Listed records:

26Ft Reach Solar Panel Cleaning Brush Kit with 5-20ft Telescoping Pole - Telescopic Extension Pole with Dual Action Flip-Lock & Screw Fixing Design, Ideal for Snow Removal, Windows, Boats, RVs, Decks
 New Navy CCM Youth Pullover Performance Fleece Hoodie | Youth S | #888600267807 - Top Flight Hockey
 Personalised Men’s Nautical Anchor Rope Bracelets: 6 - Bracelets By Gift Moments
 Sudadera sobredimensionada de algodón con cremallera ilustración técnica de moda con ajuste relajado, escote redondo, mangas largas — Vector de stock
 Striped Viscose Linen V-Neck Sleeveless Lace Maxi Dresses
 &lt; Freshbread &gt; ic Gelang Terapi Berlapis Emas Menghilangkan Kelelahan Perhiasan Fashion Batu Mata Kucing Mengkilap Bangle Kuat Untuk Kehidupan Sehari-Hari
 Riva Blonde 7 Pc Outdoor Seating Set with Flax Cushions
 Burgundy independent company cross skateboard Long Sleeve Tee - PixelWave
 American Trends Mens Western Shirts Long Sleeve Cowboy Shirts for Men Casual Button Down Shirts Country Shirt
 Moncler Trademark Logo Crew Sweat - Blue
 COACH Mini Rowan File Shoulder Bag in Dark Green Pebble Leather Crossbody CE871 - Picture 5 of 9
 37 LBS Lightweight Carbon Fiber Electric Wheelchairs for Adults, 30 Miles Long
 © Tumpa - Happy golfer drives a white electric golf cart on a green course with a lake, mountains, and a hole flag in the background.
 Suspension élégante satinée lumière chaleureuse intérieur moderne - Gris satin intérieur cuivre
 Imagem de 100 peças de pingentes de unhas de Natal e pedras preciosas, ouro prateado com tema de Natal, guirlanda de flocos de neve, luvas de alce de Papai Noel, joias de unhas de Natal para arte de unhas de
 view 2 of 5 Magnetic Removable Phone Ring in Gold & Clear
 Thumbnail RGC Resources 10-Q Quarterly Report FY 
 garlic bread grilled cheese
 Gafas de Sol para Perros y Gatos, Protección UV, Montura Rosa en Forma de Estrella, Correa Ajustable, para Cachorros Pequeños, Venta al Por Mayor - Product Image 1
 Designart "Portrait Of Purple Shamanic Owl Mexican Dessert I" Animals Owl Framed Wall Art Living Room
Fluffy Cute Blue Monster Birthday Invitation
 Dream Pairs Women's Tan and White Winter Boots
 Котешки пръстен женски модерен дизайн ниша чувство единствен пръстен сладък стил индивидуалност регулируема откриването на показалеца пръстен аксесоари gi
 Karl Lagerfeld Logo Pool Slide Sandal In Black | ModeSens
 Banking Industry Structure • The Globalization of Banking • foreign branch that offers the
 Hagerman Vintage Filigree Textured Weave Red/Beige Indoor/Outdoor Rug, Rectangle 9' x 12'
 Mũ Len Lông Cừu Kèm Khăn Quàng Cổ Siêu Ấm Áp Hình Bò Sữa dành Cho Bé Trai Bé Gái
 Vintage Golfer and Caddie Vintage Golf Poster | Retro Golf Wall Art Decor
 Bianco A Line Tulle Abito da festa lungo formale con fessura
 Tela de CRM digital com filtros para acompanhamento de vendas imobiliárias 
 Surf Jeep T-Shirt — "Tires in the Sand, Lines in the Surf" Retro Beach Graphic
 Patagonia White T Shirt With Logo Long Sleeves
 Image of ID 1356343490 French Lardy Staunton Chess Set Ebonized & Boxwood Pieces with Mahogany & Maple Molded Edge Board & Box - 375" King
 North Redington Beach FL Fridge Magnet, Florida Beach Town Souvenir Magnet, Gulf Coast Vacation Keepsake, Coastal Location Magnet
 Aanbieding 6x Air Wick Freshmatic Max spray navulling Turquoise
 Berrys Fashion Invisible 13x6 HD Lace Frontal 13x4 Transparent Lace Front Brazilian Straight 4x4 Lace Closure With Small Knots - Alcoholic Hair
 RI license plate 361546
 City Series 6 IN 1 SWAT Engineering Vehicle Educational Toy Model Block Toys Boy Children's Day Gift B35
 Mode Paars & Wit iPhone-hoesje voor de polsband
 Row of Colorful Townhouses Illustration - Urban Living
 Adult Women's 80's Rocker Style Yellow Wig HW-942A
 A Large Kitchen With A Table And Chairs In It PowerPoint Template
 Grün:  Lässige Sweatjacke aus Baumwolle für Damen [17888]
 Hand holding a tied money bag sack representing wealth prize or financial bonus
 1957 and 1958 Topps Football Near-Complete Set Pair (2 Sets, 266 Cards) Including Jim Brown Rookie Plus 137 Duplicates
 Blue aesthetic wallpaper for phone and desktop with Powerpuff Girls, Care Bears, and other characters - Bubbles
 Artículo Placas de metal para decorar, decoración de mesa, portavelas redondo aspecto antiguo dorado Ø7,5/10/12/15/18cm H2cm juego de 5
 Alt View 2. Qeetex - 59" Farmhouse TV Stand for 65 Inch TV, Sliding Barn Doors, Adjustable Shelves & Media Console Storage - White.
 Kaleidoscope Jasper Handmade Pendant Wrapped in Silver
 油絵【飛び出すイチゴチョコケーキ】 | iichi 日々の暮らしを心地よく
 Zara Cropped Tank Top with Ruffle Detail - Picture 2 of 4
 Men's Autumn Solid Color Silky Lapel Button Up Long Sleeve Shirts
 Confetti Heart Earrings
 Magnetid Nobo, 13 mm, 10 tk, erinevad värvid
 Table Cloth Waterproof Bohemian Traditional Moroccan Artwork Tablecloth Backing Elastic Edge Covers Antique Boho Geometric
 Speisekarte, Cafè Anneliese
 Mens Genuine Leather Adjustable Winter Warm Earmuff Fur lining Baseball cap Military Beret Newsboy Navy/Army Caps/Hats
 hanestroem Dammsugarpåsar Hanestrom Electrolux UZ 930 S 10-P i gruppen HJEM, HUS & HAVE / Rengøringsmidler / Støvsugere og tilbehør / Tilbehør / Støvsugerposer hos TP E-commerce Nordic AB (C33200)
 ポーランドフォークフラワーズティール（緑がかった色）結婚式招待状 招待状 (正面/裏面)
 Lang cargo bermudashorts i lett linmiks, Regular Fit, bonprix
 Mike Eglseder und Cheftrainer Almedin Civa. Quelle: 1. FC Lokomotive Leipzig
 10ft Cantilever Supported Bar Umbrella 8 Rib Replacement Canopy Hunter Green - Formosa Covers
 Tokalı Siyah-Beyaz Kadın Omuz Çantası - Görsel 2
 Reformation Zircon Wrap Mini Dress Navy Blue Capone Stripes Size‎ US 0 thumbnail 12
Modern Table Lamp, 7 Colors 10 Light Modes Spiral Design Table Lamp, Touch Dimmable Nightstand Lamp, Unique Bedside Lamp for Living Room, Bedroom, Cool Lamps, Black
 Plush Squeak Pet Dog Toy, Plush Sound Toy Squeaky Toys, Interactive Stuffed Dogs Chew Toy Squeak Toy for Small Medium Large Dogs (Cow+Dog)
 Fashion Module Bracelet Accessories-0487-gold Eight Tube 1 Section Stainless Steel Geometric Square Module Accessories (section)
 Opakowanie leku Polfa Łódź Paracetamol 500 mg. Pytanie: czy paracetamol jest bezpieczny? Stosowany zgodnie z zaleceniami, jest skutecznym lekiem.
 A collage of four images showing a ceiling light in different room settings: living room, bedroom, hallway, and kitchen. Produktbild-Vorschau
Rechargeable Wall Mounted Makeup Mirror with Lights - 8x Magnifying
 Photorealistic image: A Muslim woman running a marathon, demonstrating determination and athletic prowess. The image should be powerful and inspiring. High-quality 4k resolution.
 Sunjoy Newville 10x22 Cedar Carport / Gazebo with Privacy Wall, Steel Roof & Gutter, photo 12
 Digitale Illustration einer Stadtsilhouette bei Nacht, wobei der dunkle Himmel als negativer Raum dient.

To do: Look above for the line with "Alt View 2." and the line with "Speisekarte, Cafè Anneliese"; transcribe both and all lines in between, exactly, and nothing else.

Solution to this problem:
 Alt View 2. Qeetex - 59" Farmhouse TV Stand for 65 Inch TV, Sliding Barn Doors, Adjustable Shelves & Media Console Storage - White.
 Kaleidoscope Jasper Handmade Pendant Wrapped in Silver
 油絵【飛び出すイチゴチョコケーキ】 | iichi 日々の暮らしを心地よく
 Zara Cropped Tank Top with Ruffle Detail - Picture 2 of 4
 Men's Autumn Solid Color Silky Lapel Button Up Long Sleeve Shirts
 Confetti Heart Earrings
 Magnetid Nobo, 13 mm, 10 tk, erinevad värvid
 Table Cloth Waterproof Bohemian Traditional Moroccan Artwork Tablecloth Backing Elastic Edge Covers Antique Boho Geometric
 Speisekarte, Cafè Anneliese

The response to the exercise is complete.